■ EXERCISE REQUIREMENTS ■
Skip the pictures and copy all the data that follows exactly.

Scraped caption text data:
########

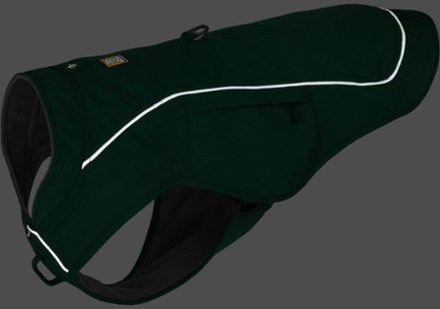 Ruffwear Overcoat Fuse Dog Jacket 8
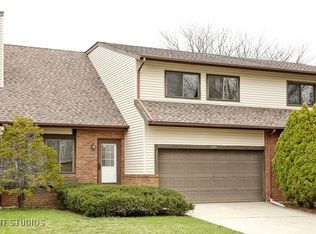 6415 Pruthmore Ct, Lisle, IL 60532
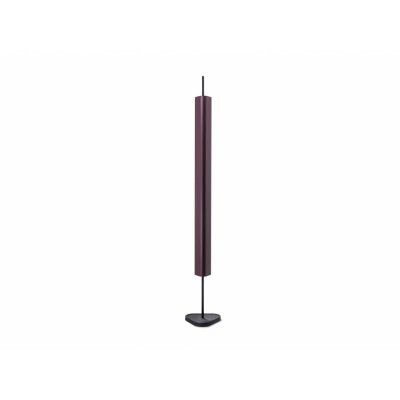 FLOS - Emi Golvlampa Deep Red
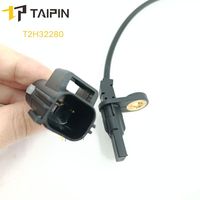 Prix de gros Capteur de vitesse ABS de roue avant de haute qualité T2H32280 T2H4069 T2H45885 pour Jaguar XE Series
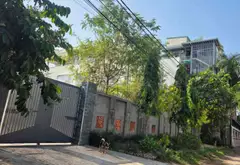 Bán nhà riêng 4 tầng khu vực Trần Văn Mười diện tích 1100m2 mặt tiền 40m giá 43 tỷ... Bán nhà riêng tại Xuân Thới Sơn, Hồ Chí Minh 10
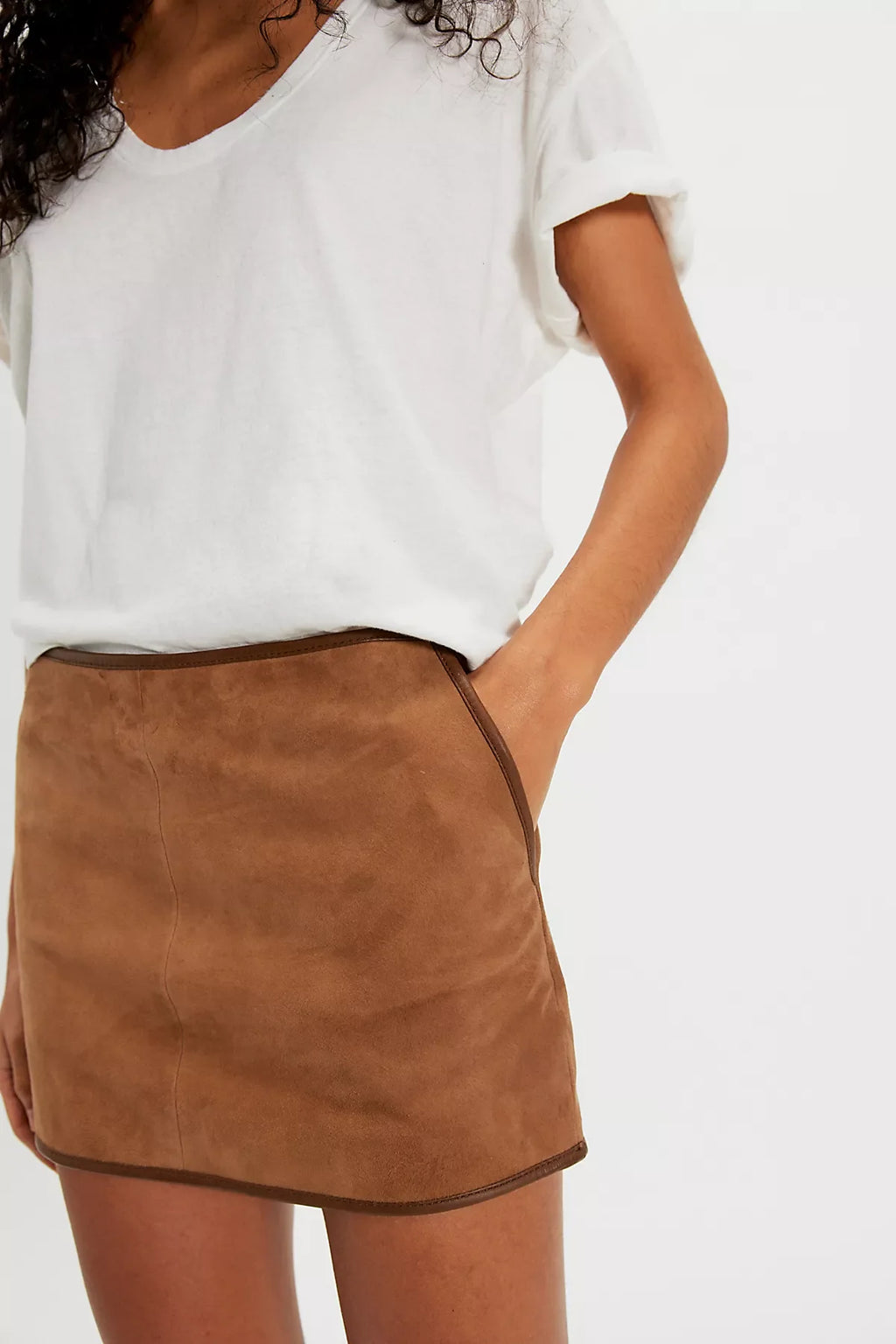 SEROYA Inara Skirt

########

■ WORKED SOLUTION ■
 Ruffwear Overcoat Fuse Dog Jacket 8
 6415 Pruthmore Ct, Lisle, IL 60532
 FLOS - Emi Golvlampa Deep Red
 Prix de gros Capteur de vitesse ABS de roue avant de haute qualité T2H32280 T2H4069 T2H45885 pour Jaguar XE Series
 Bán nhà riêng 4 tầng khu vực Trần Văn Mười diện tích 1100m2 mặt tiền 40m giá 43 tỷ... Bán nhà riêng tại Xuân Thới Sơn, Hồ Chí Minh 10
 SEROYA Inara Skirt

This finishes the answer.